For this exercise, repeat the listing below from its first line through the line containing "Акумуляторна ланцюгова пила", exactly as written.
━━━
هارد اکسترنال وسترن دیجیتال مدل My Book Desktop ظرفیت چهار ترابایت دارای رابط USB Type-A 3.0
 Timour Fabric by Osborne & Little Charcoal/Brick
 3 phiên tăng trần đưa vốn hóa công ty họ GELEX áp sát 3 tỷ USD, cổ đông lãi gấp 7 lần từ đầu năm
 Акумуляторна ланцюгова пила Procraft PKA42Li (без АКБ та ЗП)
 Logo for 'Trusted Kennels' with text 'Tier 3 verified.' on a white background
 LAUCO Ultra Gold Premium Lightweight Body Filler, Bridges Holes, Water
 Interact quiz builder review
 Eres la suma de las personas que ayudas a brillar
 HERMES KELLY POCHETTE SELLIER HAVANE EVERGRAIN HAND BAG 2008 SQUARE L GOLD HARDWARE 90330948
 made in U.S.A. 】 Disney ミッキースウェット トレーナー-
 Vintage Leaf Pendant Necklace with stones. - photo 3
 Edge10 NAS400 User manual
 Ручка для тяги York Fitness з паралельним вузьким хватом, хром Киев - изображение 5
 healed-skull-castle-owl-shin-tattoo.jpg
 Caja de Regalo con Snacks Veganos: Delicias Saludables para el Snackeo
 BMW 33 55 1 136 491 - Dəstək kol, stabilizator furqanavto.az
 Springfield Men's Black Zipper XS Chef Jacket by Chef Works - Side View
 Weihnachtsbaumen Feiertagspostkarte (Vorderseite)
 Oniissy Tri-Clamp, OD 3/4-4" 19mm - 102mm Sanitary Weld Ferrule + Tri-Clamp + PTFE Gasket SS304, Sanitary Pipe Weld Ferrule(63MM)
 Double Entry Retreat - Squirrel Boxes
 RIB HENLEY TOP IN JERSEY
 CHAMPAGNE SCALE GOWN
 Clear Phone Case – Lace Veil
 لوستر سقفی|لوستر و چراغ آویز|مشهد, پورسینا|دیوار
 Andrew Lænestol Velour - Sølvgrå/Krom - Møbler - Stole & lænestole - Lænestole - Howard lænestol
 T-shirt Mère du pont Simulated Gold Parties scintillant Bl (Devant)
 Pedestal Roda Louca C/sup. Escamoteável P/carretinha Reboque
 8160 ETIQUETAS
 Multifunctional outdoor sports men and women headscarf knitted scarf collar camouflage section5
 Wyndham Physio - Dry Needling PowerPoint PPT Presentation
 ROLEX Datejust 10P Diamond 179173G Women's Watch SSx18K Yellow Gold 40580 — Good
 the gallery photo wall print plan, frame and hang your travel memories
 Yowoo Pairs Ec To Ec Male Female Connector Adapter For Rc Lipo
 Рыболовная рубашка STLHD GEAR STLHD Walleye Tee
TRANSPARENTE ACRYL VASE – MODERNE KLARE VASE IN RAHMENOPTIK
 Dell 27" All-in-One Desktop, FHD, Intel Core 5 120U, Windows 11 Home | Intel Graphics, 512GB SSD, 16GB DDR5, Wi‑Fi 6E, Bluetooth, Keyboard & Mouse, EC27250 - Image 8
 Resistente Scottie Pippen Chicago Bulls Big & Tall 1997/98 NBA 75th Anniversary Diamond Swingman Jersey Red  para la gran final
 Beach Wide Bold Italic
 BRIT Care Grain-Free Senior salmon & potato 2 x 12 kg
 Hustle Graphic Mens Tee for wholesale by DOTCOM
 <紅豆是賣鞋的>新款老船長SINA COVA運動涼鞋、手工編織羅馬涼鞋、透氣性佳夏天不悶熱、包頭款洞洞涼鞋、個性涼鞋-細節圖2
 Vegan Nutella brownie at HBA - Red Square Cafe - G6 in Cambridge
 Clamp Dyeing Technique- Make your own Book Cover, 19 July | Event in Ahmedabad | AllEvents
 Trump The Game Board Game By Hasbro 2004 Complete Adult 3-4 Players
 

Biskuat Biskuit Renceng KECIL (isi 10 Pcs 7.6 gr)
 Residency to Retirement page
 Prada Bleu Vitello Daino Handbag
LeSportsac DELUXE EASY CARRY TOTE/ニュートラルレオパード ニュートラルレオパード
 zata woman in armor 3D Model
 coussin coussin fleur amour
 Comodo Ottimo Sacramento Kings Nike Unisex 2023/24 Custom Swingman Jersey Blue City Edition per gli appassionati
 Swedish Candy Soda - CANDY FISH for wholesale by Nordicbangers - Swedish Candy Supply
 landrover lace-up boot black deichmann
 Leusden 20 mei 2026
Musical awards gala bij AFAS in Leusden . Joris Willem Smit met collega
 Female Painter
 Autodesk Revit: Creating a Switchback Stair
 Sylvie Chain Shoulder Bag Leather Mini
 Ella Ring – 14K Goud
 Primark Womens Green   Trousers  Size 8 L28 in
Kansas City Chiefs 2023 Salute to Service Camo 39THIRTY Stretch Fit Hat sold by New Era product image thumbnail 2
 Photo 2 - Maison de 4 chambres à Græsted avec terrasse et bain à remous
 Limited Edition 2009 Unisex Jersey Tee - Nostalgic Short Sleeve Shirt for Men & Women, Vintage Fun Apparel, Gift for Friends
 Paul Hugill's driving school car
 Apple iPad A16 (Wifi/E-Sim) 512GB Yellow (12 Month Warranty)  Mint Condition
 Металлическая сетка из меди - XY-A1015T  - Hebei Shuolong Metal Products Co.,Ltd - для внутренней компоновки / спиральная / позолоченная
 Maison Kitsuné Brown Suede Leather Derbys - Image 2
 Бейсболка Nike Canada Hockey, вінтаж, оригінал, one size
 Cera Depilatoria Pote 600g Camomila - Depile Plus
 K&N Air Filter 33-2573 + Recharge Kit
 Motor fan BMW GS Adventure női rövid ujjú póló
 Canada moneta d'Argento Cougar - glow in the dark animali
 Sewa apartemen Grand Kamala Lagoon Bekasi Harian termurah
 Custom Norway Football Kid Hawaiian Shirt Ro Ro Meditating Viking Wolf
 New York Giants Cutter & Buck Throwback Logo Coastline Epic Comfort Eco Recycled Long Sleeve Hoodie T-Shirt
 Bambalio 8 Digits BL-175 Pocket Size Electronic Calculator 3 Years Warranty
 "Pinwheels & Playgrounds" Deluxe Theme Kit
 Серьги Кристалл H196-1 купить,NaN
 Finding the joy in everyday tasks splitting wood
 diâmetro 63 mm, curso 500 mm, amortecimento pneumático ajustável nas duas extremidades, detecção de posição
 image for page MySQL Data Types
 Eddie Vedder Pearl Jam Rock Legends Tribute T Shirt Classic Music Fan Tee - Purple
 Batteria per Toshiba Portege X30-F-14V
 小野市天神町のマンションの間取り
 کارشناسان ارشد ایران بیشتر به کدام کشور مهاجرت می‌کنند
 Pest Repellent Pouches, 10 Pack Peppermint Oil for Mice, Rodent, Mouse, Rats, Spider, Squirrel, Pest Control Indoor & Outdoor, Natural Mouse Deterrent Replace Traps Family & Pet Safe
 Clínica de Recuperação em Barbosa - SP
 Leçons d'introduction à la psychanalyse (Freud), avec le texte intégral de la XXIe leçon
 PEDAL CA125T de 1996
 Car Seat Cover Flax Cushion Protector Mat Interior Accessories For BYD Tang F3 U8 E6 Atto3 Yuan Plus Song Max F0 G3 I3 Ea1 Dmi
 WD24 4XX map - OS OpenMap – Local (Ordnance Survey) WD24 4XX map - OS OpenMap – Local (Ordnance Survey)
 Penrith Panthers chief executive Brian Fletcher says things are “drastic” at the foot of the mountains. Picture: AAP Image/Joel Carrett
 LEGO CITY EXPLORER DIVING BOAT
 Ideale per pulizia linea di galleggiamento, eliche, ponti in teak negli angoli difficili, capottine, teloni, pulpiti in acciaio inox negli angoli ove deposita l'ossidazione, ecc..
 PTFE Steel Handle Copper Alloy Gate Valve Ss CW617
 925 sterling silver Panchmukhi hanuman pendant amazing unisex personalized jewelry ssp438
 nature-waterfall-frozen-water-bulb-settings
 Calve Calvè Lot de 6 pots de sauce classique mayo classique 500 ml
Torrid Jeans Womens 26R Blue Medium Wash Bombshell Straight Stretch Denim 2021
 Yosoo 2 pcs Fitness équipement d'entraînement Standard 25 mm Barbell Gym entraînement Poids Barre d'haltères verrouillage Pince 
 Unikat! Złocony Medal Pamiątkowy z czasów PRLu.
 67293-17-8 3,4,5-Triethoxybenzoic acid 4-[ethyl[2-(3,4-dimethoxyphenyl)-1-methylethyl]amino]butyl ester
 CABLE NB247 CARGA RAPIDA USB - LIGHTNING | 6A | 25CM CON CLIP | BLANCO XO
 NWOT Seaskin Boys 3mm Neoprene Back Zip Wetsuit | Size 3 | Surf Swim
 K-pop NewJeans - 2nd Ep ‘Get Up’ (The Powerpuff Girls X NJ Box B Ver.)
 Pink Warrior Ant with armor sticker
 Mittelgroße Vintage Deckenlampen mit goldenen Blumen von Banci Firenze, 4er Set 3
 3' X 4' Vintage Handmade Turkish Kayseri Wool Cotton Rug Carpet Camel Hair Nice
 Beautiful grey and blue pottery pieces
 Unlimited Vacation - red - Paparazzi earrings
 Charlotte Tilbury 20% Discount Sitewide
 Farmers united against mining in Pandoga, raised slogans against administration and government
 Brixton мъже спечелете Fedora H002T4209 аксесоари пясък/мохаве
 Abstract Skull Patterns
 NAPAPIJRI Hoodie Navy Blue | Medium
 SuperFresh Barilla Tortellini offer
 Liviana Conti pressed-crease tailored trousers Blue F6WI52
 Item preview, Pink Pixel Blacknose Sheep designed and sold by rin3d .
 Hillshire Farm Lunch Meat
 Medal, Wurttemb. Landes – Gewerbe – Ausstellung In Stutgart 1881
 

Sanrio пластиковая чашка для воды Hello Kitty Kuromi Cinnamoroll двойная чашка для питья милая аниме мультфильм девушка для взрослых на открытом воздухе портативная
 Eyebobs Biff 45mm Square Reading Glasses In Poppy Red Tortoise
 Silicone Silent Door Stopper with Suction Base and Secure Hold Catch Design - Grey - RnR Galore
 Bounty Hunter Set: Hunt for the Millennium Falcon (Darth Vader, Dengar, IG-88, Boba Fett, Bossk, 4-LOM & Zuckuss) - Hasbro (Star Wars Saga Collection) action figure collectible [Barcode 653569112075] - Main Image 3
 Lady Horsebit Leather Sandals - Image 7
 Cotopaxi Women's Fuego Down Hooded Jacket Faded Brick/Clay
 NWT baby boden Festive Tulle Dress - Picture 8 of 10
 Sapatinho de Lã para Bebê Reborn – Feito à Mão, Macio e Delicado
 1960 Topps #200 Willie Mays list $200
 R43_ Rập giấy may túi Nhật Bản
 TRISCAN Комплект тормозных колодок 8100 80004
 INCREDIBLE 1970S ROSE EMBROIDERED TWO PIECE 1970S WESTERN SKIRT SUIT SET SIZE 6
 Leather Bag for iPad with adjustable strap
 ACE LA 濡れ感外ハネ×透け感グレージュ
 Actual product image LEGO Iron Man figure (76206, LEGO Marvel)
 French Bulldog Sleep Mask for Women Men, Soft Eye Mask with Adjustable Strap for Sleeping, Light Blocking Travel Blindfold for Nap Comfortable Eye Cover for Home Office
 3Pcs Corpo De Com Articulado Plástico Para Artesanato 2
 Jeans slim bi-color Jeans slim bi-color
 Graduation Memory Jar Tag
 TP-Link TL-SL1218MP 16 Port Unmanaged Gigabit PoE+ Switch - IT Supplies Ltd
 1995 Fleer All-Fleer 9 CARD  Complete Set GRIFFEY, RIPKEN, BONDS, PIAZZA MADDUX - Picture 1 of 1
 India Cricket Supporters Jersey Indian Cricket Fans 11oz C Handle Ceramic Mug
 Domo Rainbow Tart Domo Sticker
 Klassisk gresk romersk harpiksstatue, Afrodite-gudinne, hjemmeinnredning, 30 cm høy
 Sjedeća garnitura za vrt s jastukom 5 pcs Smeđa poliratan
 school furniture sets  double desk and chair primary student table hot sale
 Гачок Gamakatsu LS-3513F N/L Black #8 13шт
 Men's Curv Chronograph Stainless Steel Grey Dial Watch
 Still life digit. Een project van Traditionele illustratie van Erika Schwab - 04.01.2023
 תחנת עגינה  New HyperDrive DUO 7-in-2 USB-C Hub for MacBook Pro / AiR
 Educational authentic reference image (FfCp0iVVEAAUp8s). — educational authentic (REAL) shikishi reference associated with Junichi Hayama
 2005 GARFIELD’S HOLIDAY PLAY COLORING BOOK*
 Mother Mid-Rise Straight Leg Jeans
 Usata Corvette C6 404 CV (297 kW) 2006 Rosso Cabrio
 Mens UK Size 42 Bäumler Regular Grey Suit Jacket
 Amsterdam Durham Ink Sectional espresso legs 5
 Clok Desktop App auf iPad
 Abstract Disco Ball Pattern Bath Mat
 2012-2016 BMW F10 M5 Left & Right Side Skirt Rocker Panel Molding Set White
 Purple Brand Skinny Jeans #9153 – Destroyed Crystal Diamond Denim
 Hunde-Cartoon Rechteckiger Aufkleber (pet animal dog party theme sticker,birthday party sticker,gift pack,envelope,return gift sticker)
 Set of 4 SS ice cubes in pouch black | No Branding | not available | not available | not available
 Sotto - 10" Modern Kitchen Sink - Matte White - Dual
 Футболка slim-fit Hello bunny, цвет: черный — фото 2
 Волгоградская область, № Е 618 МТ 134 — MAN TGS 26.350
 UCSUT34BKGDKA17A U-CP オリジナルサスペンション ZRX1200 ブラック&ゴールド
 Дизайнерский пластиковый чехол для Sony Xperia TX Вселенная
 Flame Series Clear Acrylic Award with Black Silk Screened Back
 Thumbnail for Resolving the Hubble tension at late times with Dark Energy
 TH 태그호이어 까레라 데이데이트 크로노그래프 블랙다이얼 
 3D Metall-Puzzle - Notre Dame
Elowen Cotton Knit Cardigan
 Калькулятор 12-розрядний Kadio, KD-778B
━━━
-- Answer to this problem --
هارد اکسترنال وسترن دیجیتال مدل My Book Desktop ظرفیت چهار ترابایت دارای رابط USB Type-A 3.0
 Timour Fabric by Osborne & Little Charcoal/Brick
 3 phiên tăng trần đưa vốn hóa công ty họ GELEX áp sát 3 tỷ USD, cổ đông lãi gấp 7 lần từ đầu năm
 Акумуляторна ланцюгова пила Procraft PKA42Li (без АКБ та ЗП)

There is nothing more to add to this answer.